Tickers in this article: GS

NEW YORK (TheStreet) --For Wall Street haters like French presidential favorite Francois Hollande, The Wall Street Journal's report that Goldman Sachs(GS) investment banker Matthew Korenberg is under investigation for potentially passing along inside information to now-notorious hedge fund Galleon Group is unsurprising and uncomplicated: evil Wall Street is up to no good once again.

For those of us who like to complicate matters, however, there would appear to be a contradiction between the story line involving Korenberg and the one offered up in The New York Times last month by Goldman exec-turned-stool pigeon Greg Smith.

Goldman CEO Lloyd Blankfein, thinking evil thoughts as usual.

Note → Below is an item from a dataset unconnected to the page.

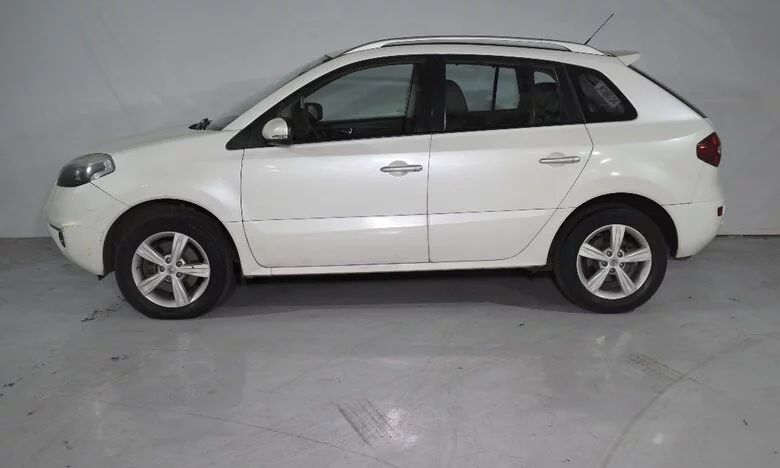 2013 Renault Koleos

Smith, for those who have spent the past six weeks living on another planet, informed us via a resignation letter disguised as as op-ed that during the past 12 months he has "seen five different managing directors refer to their own clients as 'muppets,' sometimes over internal e-mail."

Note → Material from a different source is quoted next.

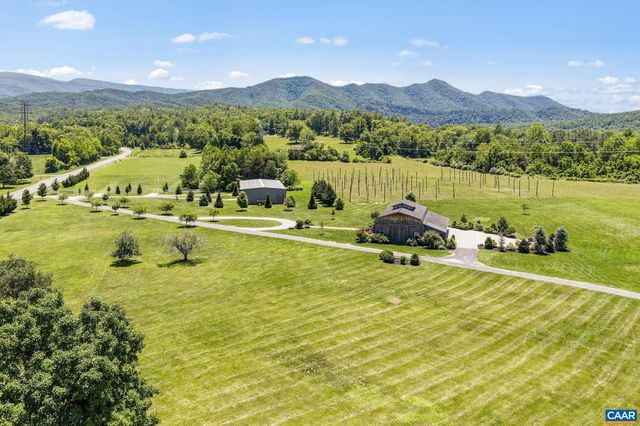 4301 LONGDALE FURNACE RD, Clifton Forge, VA 24422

So here we have managing director Korenberg risking jail time to help out a client, and other managing directors treating them like dirt. Which is it?

Well, as University of San Diego professor so eloquently explained in the wake of l'affaire Smith, it's both, since "the word 'client' has become Orwellian doublespeak. Goldman's leaders talk uniformly about the importance of serving clients, but the firm's salespeople know who is a client and who is a mere a counterparty."